Nearly two thirds – 60.2 percent – of the 30,000 officers surveyed rate their morale as poor and cited poor work-life balance and increased workloads as the reasons. This was four percent more than last year.
NPCC Lead for Organisational Development and Wellbeing, Chief Constable Andy Rhodes said;
“The Police Federation Survey continues to provide valuable insight into officers’ views of the service and all chiefs will be engaging with the results to better understand any concerns.

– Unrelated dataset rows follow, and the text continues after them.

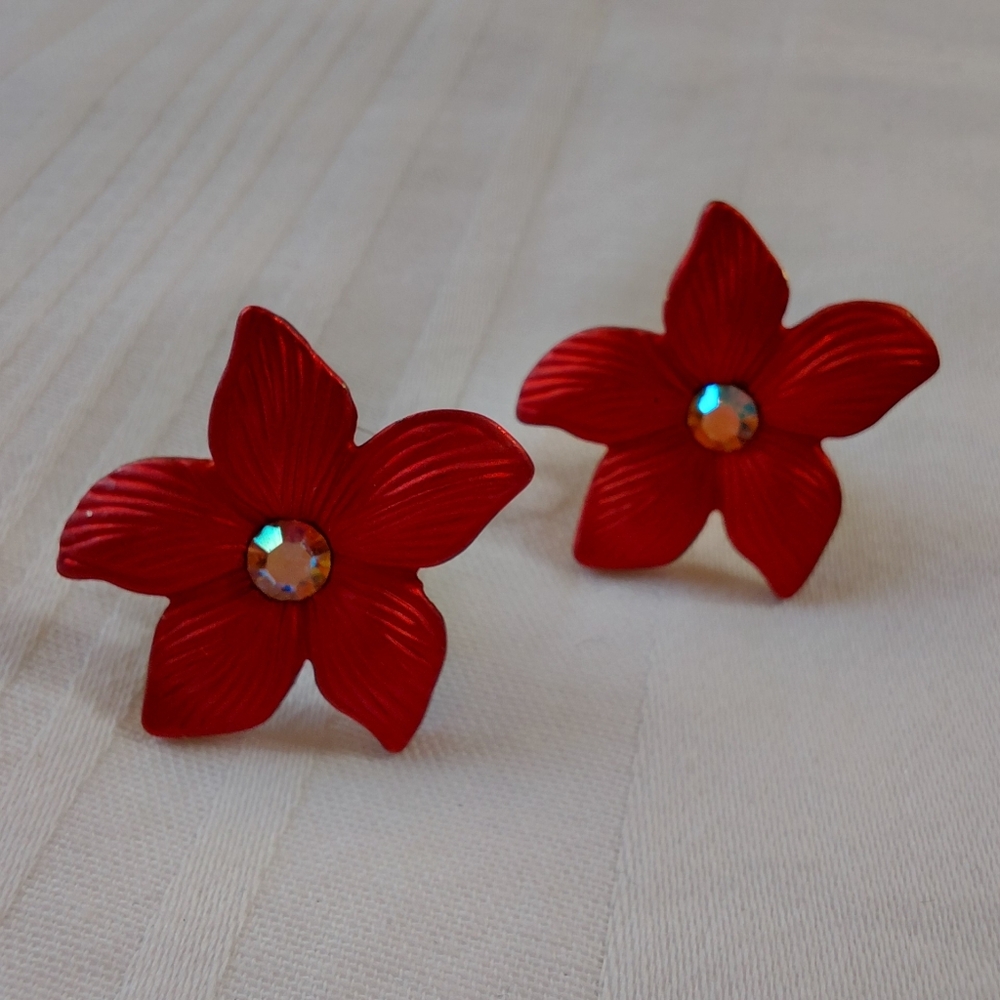 Vintage Red Poinsettia Christmas Earrings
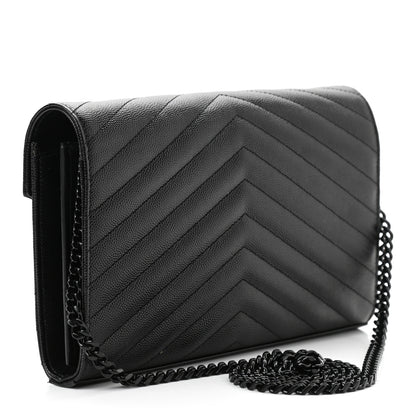 Saint Laurent Grain De Poudre Matelasse Chevron Monogram Chain Wallet Black 3 of 10
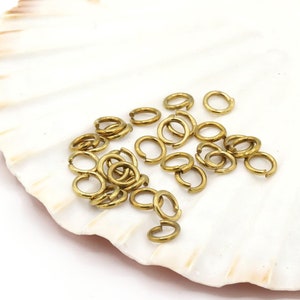 1.2x7mm Raw Brass Jump Rings, Raw Brass Jump Rings, Jewelry Making - RAW135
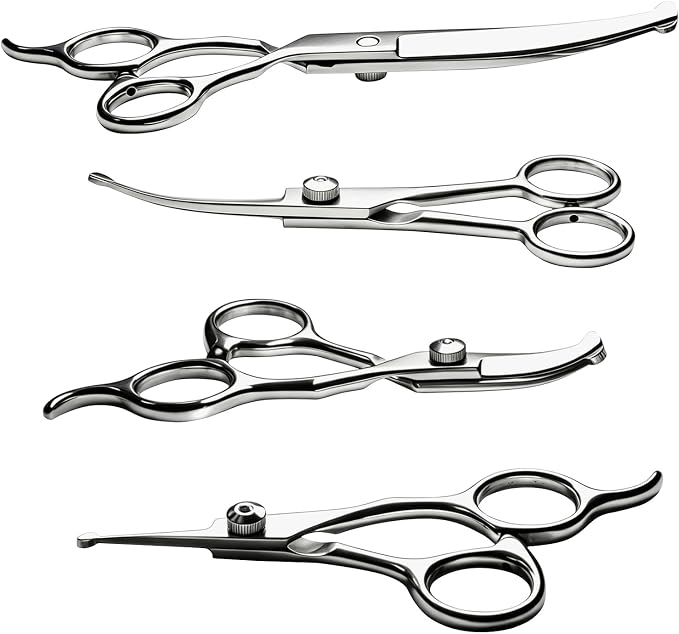 4 in1 Curved Dog Grooming Scissors Kit,7.5", 5.5", 5" & 5" Curved Down Pet Grooming Scissors with round tips for pets face and paw grooming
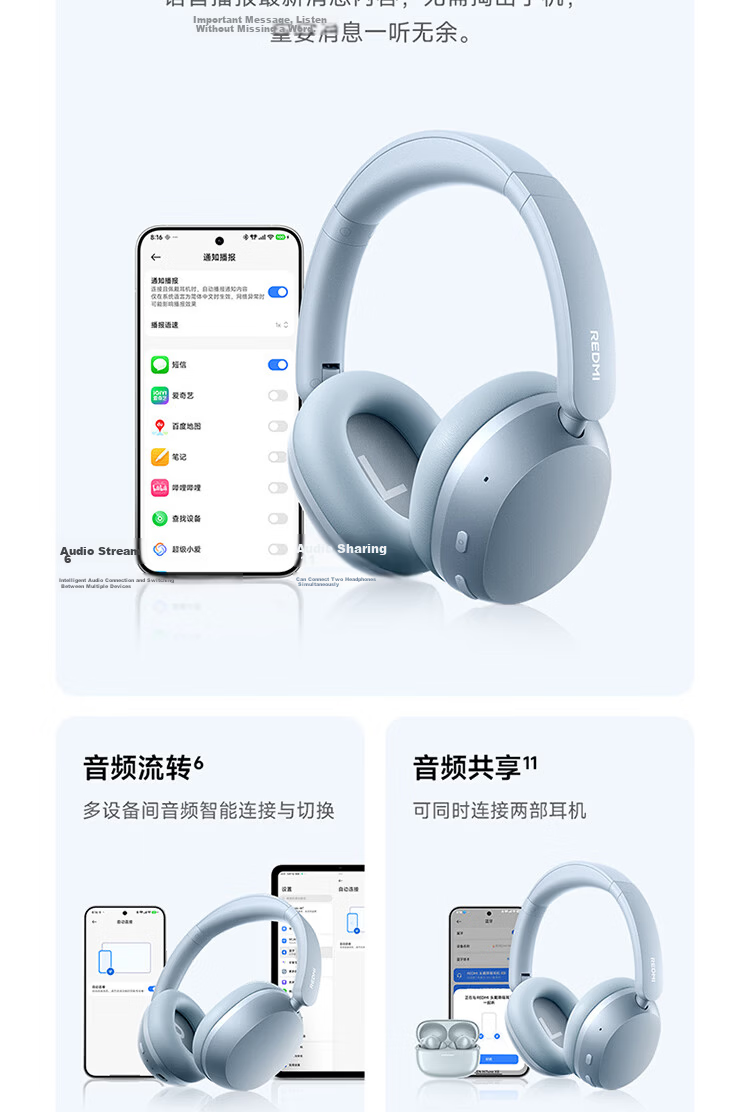 MI REDMI Over-Ear Bluetooth Headphones with Active Noise Cancellation, Comfortable Fit, Long Battery Life, Compatible with Mi Ecosystem And Apple/Huawei Phones, Jazz Blue 18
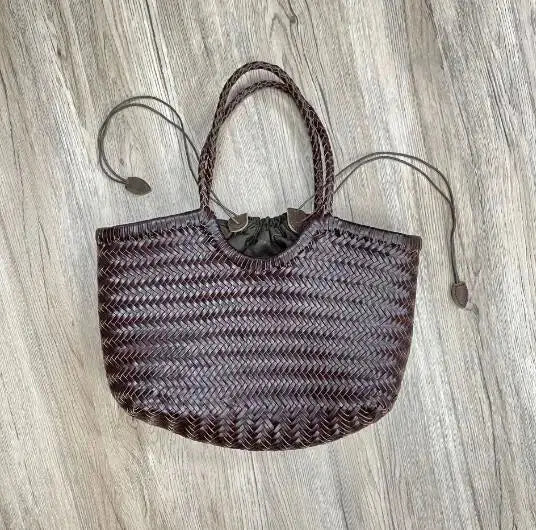 PU Leather Hand-woven Handbag 2 in 1 Single-shoulder Messenger Chocolate Chronos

“Every day, police officers operate in a dangerous and stressful work environment that involves putting themselves in harm’s way to keep people safe, and as employers we have a duty to help officers manage the impact this has on their mental health and wellbeing. Working with colleagues in the Police Dependents’ Trust and across the Armed Forces we are constantly looking for new ways to help people deal with the challenges of the job: for example, this year we participated in the first national conference on resilience which generated new research into trauma, learning from organisations such as Combat Stress.
“The vast majority of police forces now subscribe to Oscar Kilo, the first ever online wellbeing resource developed specifically for emergency services and supported by Public Health England, which helps forces to assess and improve the welfare and wellbeing of officers and staff. This includes the Blue Light Wellbeing Framework, an assessment tool dedicated to the experience of people in the emergency services that helps forces identify what they do well and where they can improve officer welfare, and many have made good progress this year.
“In many cases officers are facing higher workloads driven by unnecessary bureaucracy, which is essentially workload without any policing purpose that is known to be extremely stressful. To tackle this, many forces are developing new and innovative ways of reducing workloads by engaging directly with their staff and we would encourage all forces to work towards reducing bureaucracy that adds little but weighs down on staff and officer morale.
“Police pay is agreed nationally and we are committed to ensuring that officers and staff are rewarded fairly for the work that they do. We are also working with the Federation to design a new rewards framework so that officers and staff can feel truly valued by the police service. At the same time, we are investing in professional development so that everyone in policing can continuously improve and build new skills throughout their careers.
“Policing is built on its people. The survey makes clear that officers are feeling prouder than ever to be a part of the police service – we have to honour that pride by doing all we can to improve their welfare and wellbeing and recognise the contribution made by officers and staff on a daily basis across the country.”